Thank you! That's great  I'll check it out now


----------



## Guest (Feb 8, 2010)

To be perfectly honest, undergravel filters are last-century (or in other words, out-of-date technology), I know very few aquarists who still use these filters. They are incompatible with sand substrates or fish that will dig, including many species of Cichlids.

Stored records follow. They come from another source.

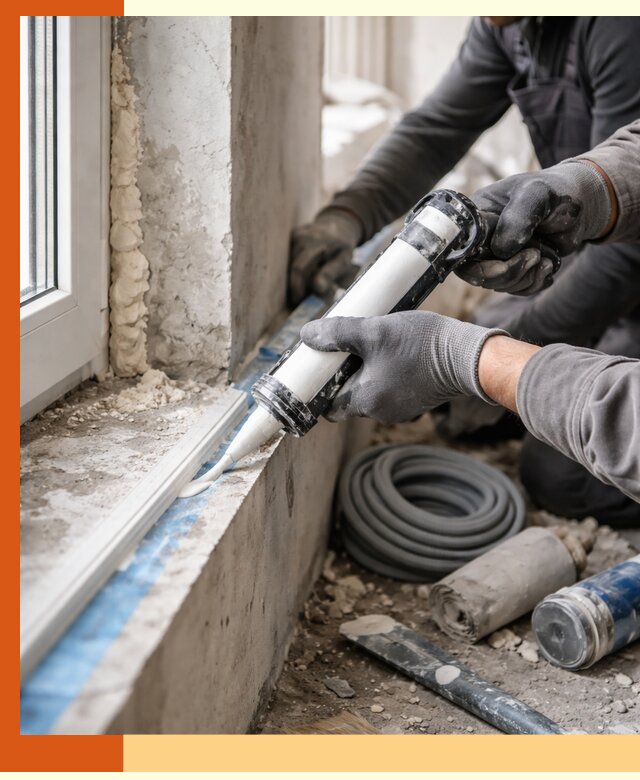 Герметизация стыков и примыканий зданий в Новотроицке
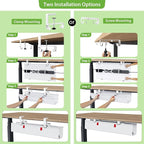 KEEGH No Drill Under Desk Cable Management Tray - Image 6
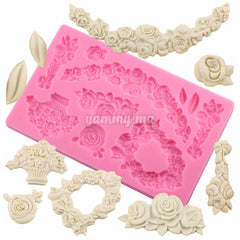 Moule Silicone 8 Fleurs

I would recommend a large internal such as the one of the Eheim Aquaballs (a new version has just been brought out onto the market) or a small external such as a Fluval 105 or Eheim Ecco Pro 200.


----------



## hawksport (Dec 27, 2009)

Undergravels maybe out of date but they are reliable ,easy for a beginer to use and have proven to be effective for years. I wouldn't even think of setting up a fresh water tank wthout one. If fish dig there are gravel tidies.


----------



## Fishyfins (Feb 28, 2009)

as Pleccy says, undergravels are kinda out of date. they work certainly, but they have a lot of flaws (as pointed out, stuff like sand being an issue, and digging fish). plus, compared to more modern filters, their efficiency is very low. Say for example, if a regular internal filter is taken as standard with a "100% efficiency", then undergravels only work at about 60% efficiency (science has proved they work about half as well as internals), and an external unit would run at about 150%. these are of course just for comparison purposes, but generally, undergravels work at half the efficiency of internals, externals add about another half of the efficieny again. this has all been proved by science and fishkeeping experts the world over.


----------